Peran seperti inilah yang diharapkan dari orang berpendidikan yang bisa menjernihkan pemahaman adat. Yang kita sayangkan, media (terutama online) begitu ‘vulgar’ memberitakan upacara adat. Ritual adat yang dilakukan saat larangan mengadakan aktivitas pada jarak 3 km adalah tindakan yang tidak bijaksana, terlepas dari apapun penerawangan siapapun termasuk Bele Raya.

Tapi kalaupun ritual adat yang dilakukan dan kemudian diikuti dengan meredahnya amukan gunung pun tidak bisa dijadikan kesimpulan bahwa ia berhenti karena ritual adat. Ia memang berhenti karena ‘persediaan’ lava dan gas vulkanik sudah habis. Jadi yang ada hanya kejadian selesainya letusan dan ritual adat memang terjadi secara berurutan tetapi yang sebelumnya bukan penyebab dari yang sesudahnya.

Pada sisi lain, upacara adat dan ritual apapun (termasuk ritual agama) tidak bisa dilaksanakan dengan membesar-besarkan ketakutan hanya demi mendapatkan ‘pertobatan’. Model seperti ini kerap merupakan pilihan yang sangat ampuk. Lihat saja, setelah sebuah bencana (seperti letusan gunung), rumah ibadah akan penuh.
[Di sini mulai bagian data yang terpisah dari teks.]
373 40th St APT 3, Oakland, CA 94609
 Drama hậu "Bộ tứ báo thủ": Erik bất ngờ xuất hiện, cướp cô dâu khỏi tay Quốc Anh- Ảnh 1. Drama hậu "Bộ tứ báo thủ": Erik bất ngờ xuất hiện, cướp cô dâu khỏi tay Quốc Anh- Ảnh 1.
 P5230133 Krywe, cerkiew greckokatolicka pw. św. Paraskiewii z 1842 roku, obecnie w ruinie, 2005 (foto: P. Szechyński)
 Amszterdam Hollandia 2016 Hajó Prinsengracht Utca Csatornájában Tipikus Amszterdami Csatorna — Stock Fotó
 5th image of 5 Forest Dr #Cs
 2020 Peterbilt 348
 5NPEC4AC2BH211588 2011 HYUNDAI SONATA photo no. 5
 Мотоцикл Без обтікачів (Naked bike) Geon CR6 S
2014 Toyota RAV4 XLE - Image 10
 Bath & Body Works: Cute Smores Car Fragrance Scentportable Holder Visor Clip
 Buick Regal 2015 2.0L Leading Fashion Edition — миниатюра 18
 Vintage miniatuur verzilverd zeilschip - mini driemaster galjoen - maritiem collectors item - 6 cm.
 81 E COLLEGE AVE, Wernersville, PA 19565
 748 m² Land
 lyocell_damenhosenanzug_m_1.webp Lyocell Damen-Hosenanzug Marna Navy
Orang merasa wajib beribadah karena dalam tafsirannya, bencana alam itu disebabkan oleh ketidakdisiplinan malah keengganan untuk beribadah.

Penuhnya rumah ibadah atau bahkan makin giatnya doa dan upaya melaksanakan upacara adat tentu saja baik. Setiap makhluk ciptaan perlu sadar bahwa ia berasal dari Tuhan pencipta semesta alam. Ia perlu terus bersyukur atas segala anugerah yang diterima. Tetapi peningkatan kuantitas ritual atau bahkan perubahan tingkah laku yang terjadi karena ketakutan tidak akan lama bertahan. Ia hanya dilakukan karena ketakutan bukan karena kesadaran.

Praksis agama dan adat dalam suasana seperti ini tidak mendidik. Orang hanya akan rajin ibadah dan raji melakukan ritual selama ada ancaman bencana alam. Setelahnya, ketika suasana menjadi aman, ritme hidup sebelumnya akan diulang lagi.

Penjernian cara berpikir terutama terhadap model antropomorfisme seperti ini sangat penting di saat-saat seperti ini. Kaum cerdik pandai yang diharapkan turut menjernikan pemikiran diharapkan lebih menghadirkan pemikiran yang menyejukkan. Tujuannya agar bencana alam tidak diperparah oleh kesalahan berpikir yang akhirnya bukan membantu tetapi malah menjebak.

Kembali ke Ile Lewotolok, ia ‘tidak murka’ seperti pemikiran antopomorfistik. Ia adalah bencana alam yang terjadi oleh ritme alam yang harus meletus. Yang perlu dilakukan manusia adalah meningkatkan solidaritas, saling membantu dan mengingatkan bahwa di tengah alam yang kian renta, ia rentan pada aneka bencana. Karena itu saling mengingatkan, saling berbagi ilmu, saling memperhatikan tanda-tanda alam adalah tindakan bijak yang sangat dinantikan. Kita pun berdoa atau membua ritual pun bukan karena mau melerai amarah ‘gunung’ tetapi kalau harus dilakukan, kita ingin melerai emosi kita yang kerap kurang sabar dan bijak menafsir fenomena alam.

Robert Bala. Pemerhati Sosial-Budaya. Diploma Resolusi Konflik Asia Pasifik, Universidad Complutense de Madrid Spanyol.